------ Input data

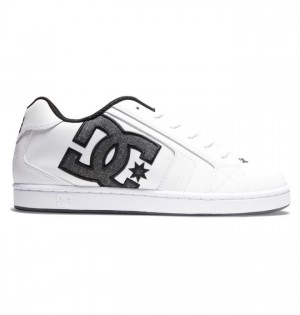 DC Shoes Net Miesten Essentials Valkoinen Tummanharmaat Valkoinen | 389-COXGJQ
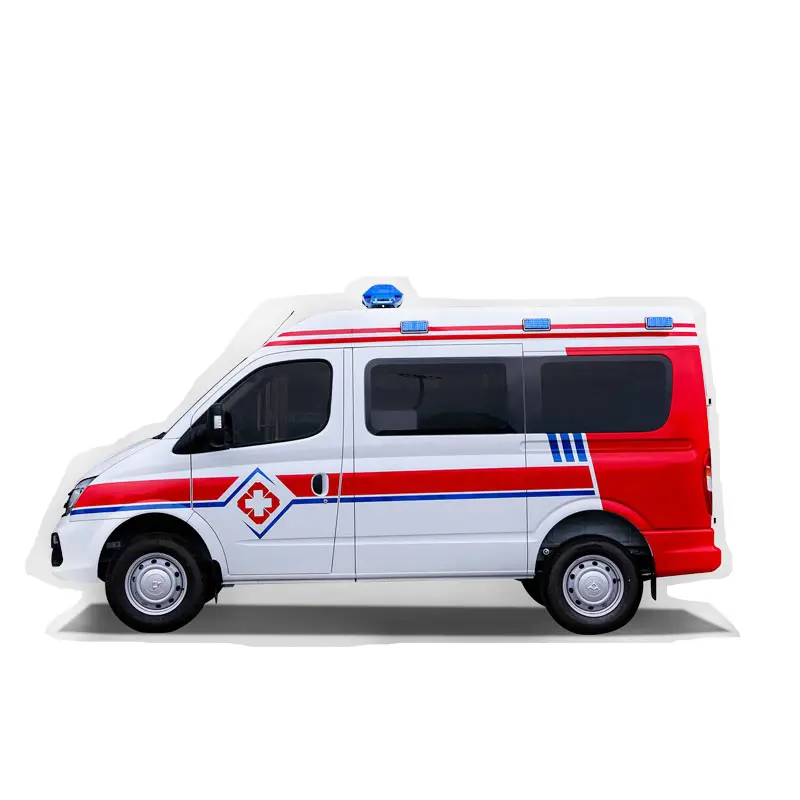 5 meters length hospital ambulance car with medical equipment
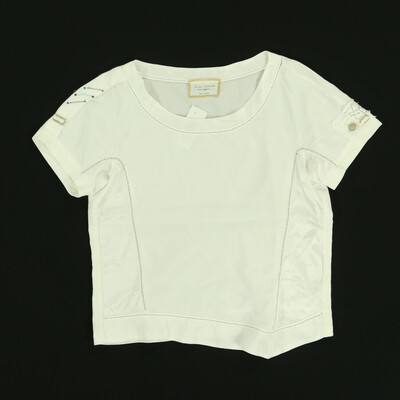 Elisa Cavaletti fehér rövid ujjú felső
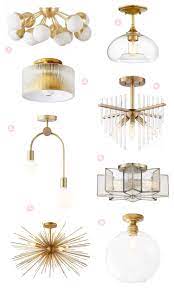 Our Favorite Flush Mounts Lighting Lightfixtures Flushmount Brass Light Fixture Brass Lighting Light Fixtures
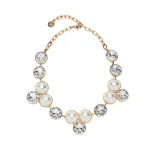 Carolina Herrera Pearl and Crystal Necklace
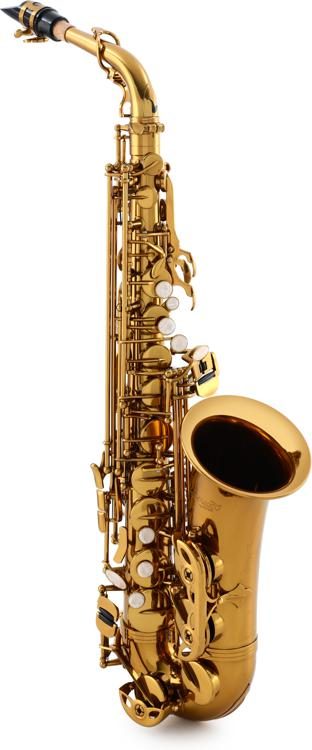 BetterSax Alto Saxophone with Burnin' 6 Mouthpiece & Power Ring Ligature -  Dark Gold Lacquer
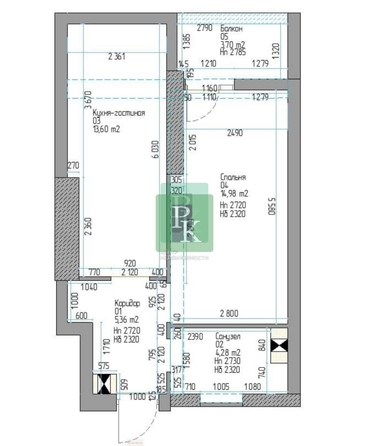 
  Продается 1-комн. квартира 38.2 м². Фото 25.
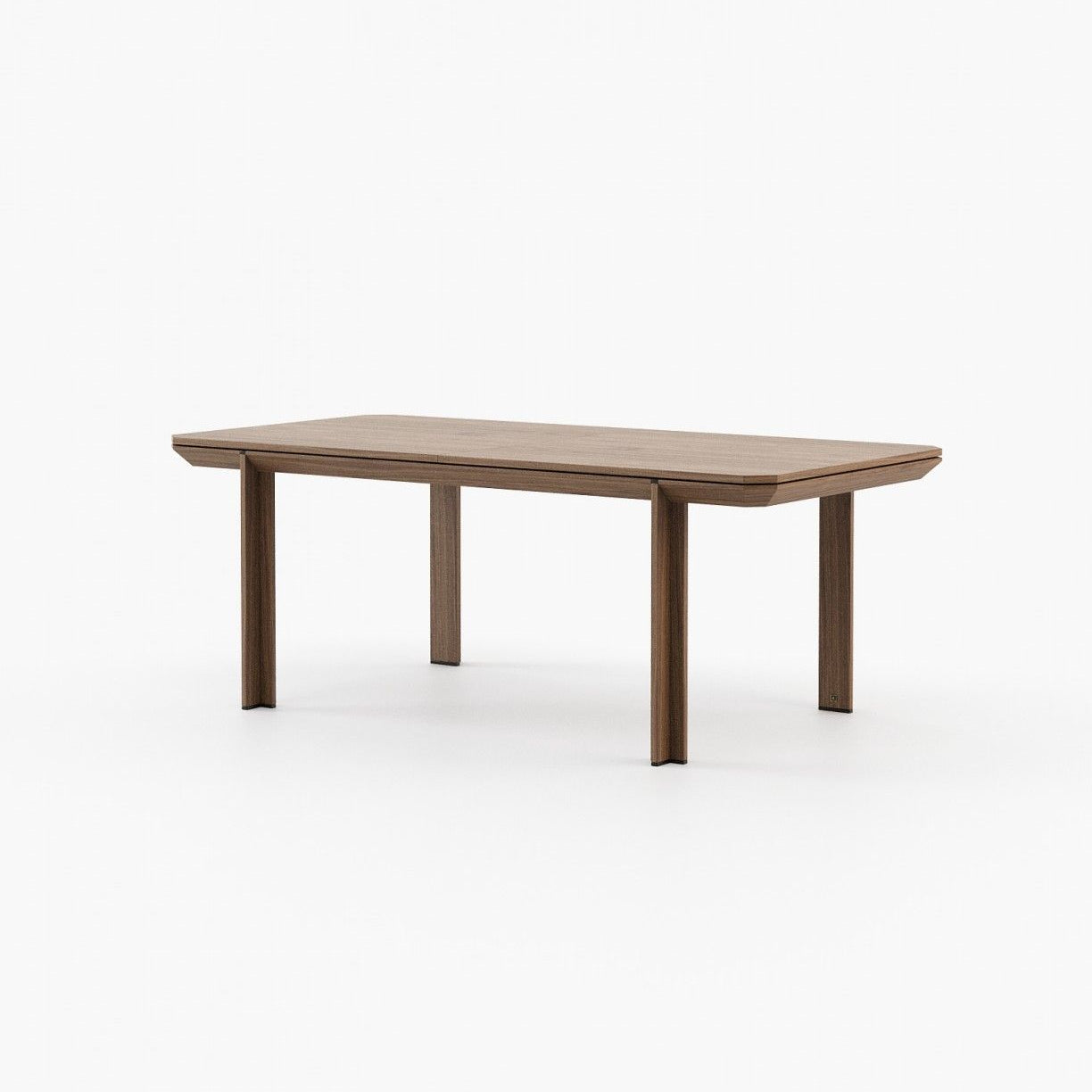 Laskasas CRES Dining & Bar Table Walnut Veneer Matte - Araco Interiors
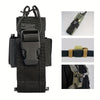 Outdoor Molle Rugged Radio Holster Securely Secures Radio To Belts and Vests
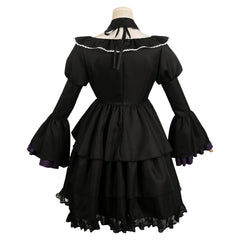Anime Puella Magi Madoka Magica Akemi Homura Black Lolita Dress Outfits Cosplay Costume Halloween Carnival Suit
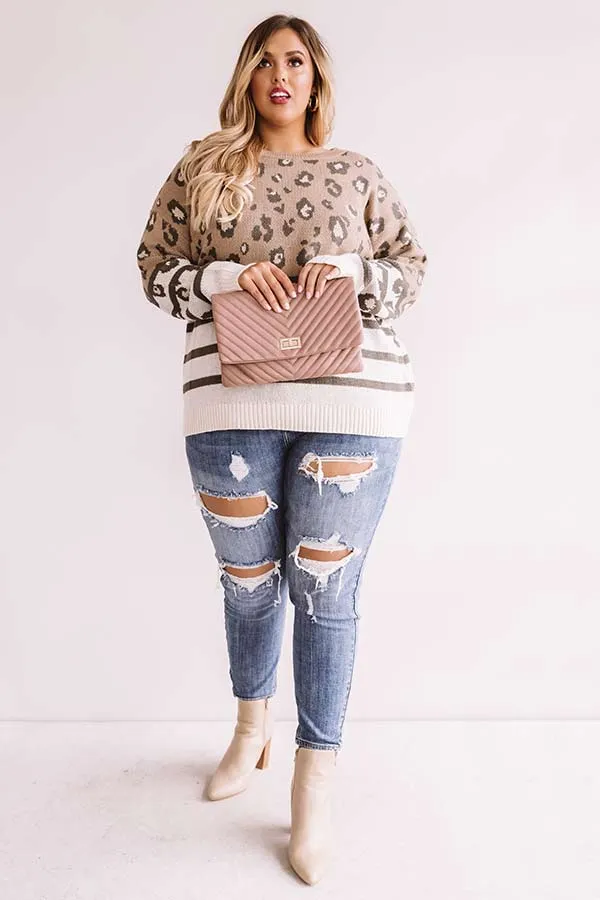 Chic Simplicity Leopard Sweater  Curves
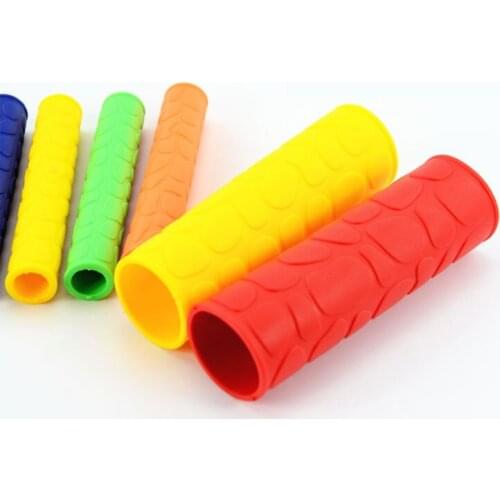 Universal 7/8'' 22mm rubber Motorcycle grips Motorbike handlebar grips 6 Colors Available for Honda Yamaha Suzuki Kawasaki BMW
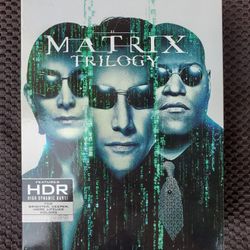 The Matrix Trilogy in 4K HDR Blu-ray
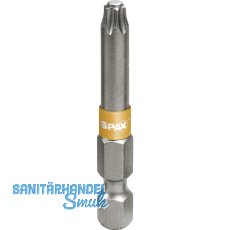 SPAX Bit-Einsatz T-Star 1/4\"sechskant TX 20/50 mm Zapfenfhrung, Inhalt 5 Stck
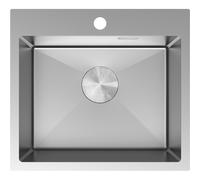 Mexen Solix fregadero de acero inoxidable de 1 cubeta 500 x 450 mm, inox - 6402501000-01 78910 5905315981509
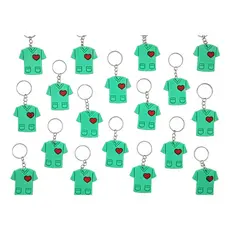 Jaleco Verde 10un Chaveiro Lembrancinha Equipe Enfermagem Novo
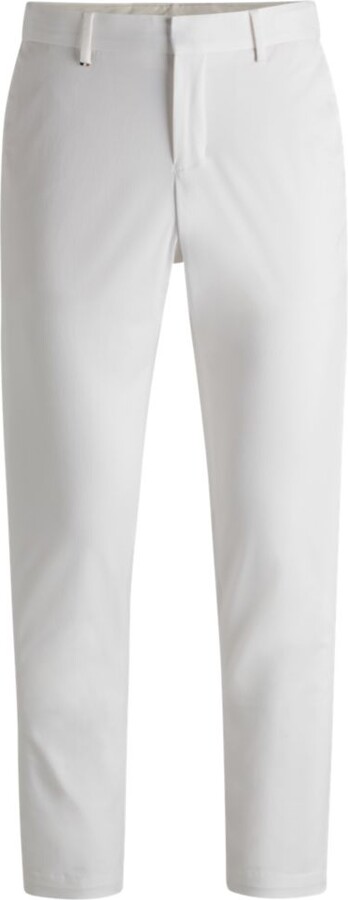 HUGO BOSS Slim-fit trousers in washable stretch cotton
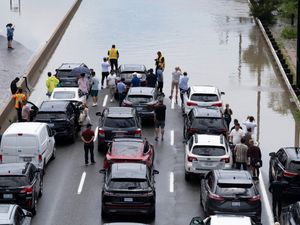 Supporting image for story: Major road among those flooded as torrential rain hits Toronto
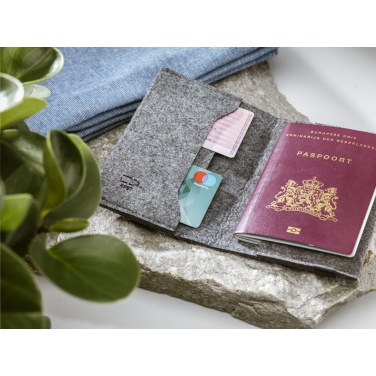 Logotrade promotional giveaways photo of: Identify GRS RPET Felt passport holder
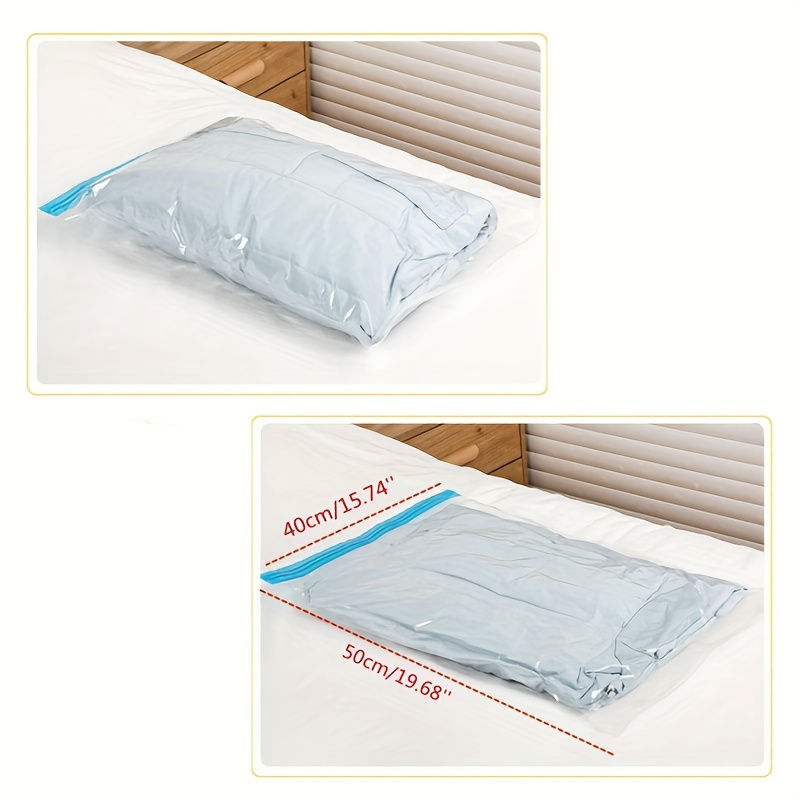 Hand Roll Vacuum Compression Storage Bags Dustproof Sealed - Temu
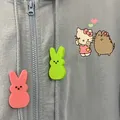 Phụ kiện trang trí dây áo Hoodie hình thỏ Peeps dễ thương - Thumbnail 1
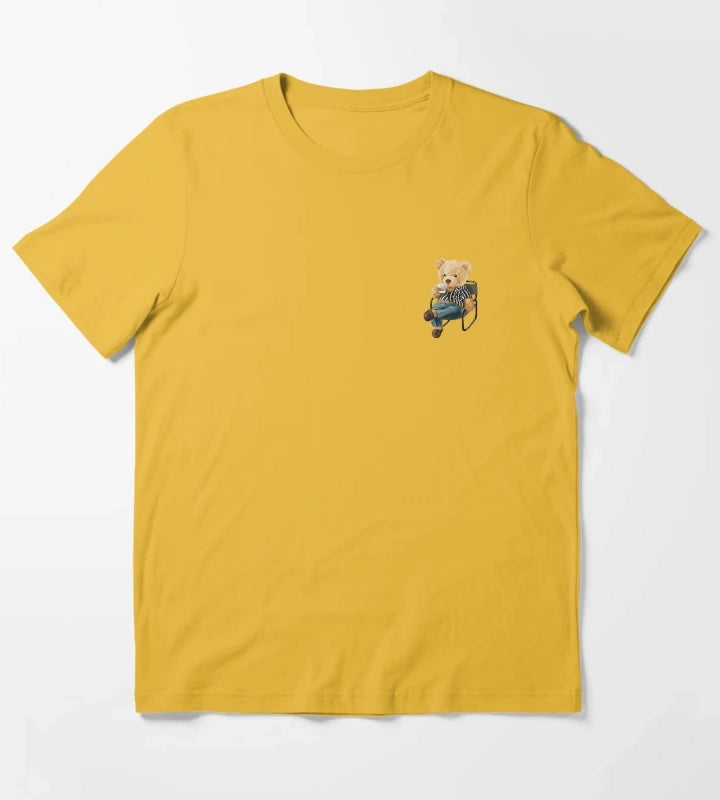 Doing The Bear Minimum T-Shirt Yellow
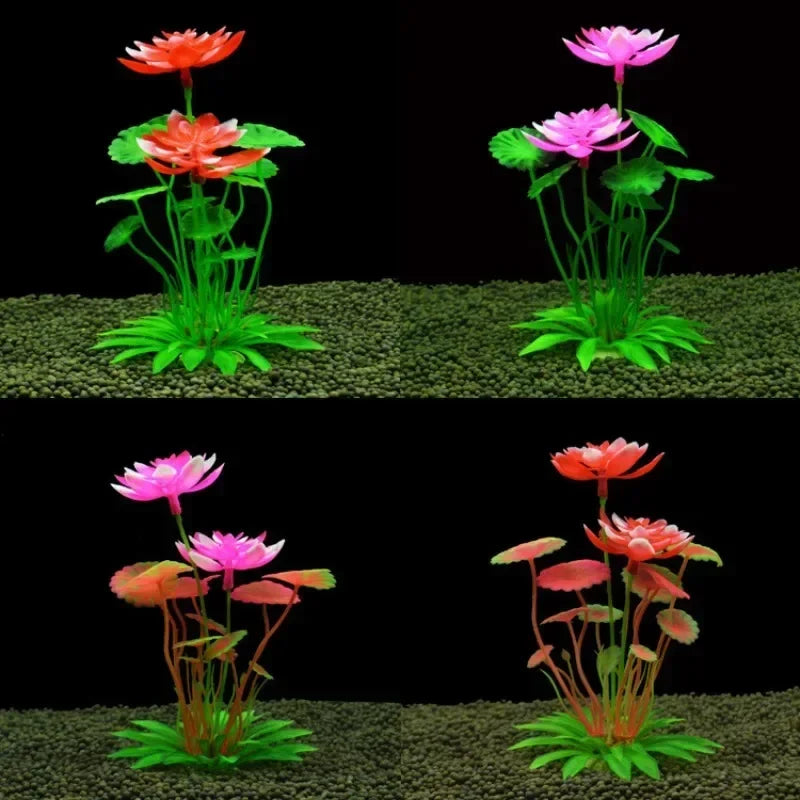 4 pec Simulated Aquarium Landscaping Plants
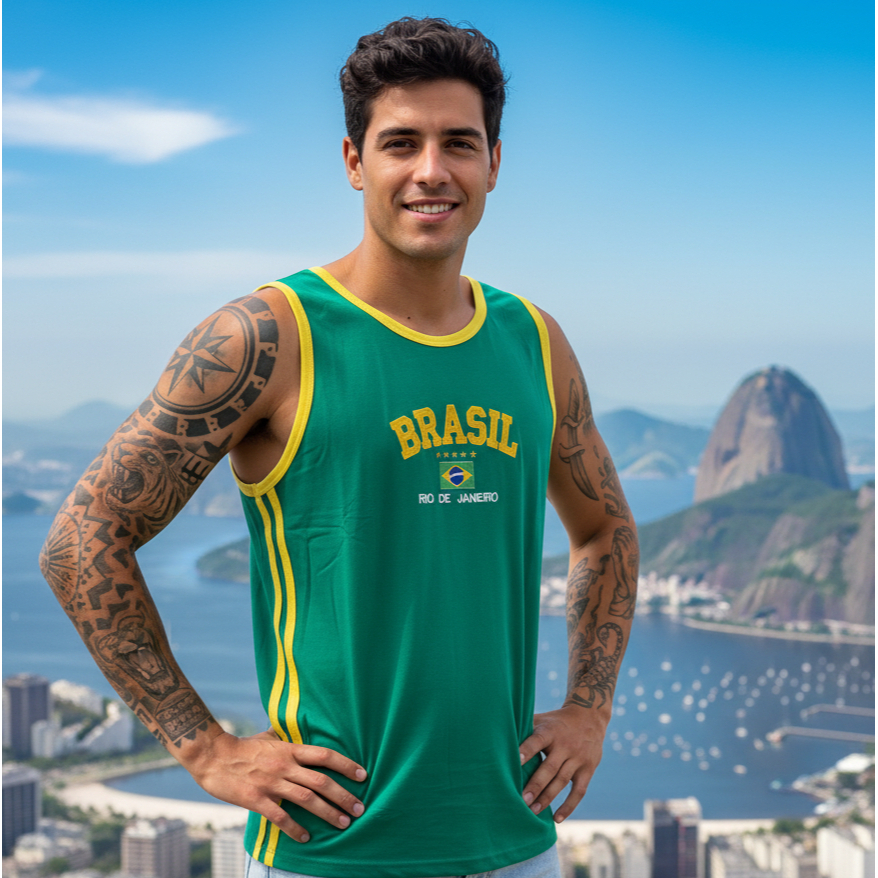 Camisa Regata do Brasil Bordada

------------

About this task: Each record above should be returned unchanged, except that the pictures are dropped.

Solution:
 DC Shoes Net Miesten Essentials Valkoinen Tummanharmaat Valkoinen | 389-COXGJQ
 5 meters length hospital ambulance car with medical equipment
 Elisa Cavaletti fehér rövid ujjú felső
 Our Favorite Flush Mounts Lighting Lightfixtures Flushmount Brass Light Fixture Brass Lighting Light Fixtures
 Carolina Herrera Pearl and Crystal Necklace
 BetterSax Alto Saxophone with Burnin' 6 Mouthpiece & Power Ring Ligature -  Dark Gold Lacquer
  Продается 1-комн. квартира 38.2 м². Фото 25.
 Laskasas CRES Dining & Bar Table Walnut Veneer Matte - Araco Interiors
 Outdoor Molle Rugged Radio Holster Securely Secures Radio To Belts and Vests
Anime Puella Magi Madoka Magica Akemi Homura Black Lolita Dress Outfits Cosplay Costume Halloween Carnival Suit
 Chic Simplicity Leopard Sweater  Curves
 Universal 7/8'' 22mm rubber Motorcycle grips Motorbike handlebar grips 6 Colors Available for Honda Yamaha Suzuki Kawasaki BMW
 The Matrix Trilogy in 4K HDR Blu-ray
 SPAX Bit-Einsatz T-Star 1/4\"sechskant TX 20/50 mm Zapfenfhrung, Inhalt 5 Stck
 Mexen Solix fregadero de acero inoxidable de 1 cubeta 500 x 450 mm, inox - 6402501000-01 78910 5905315981509
 Jaleco Verde 10un Chaveiro Lembrancinha Equipe Enfermagem Novo
 HUGO BOSS Slim-fit trousers in washable stretch cotton
 Supporting image for story: Major road among those flooded as torrential rain hits Toronto
 Logotrade promotional giveaways photo of: Identify GRS RPET Felt passport holder
 Hand Roll Vacuum Compression Storage Bags Dustproof Sealed - Temu
 Phụ kiện trang trí dây áo Hoodie hình thỏ Peeps dễ thương - Thumbnail 1
 Doing The Bear Minimum T-Shirt Yellow
 4 pec Simulated Aquarium Landscaping Plants
 Camisa Regata do Brasil Bordada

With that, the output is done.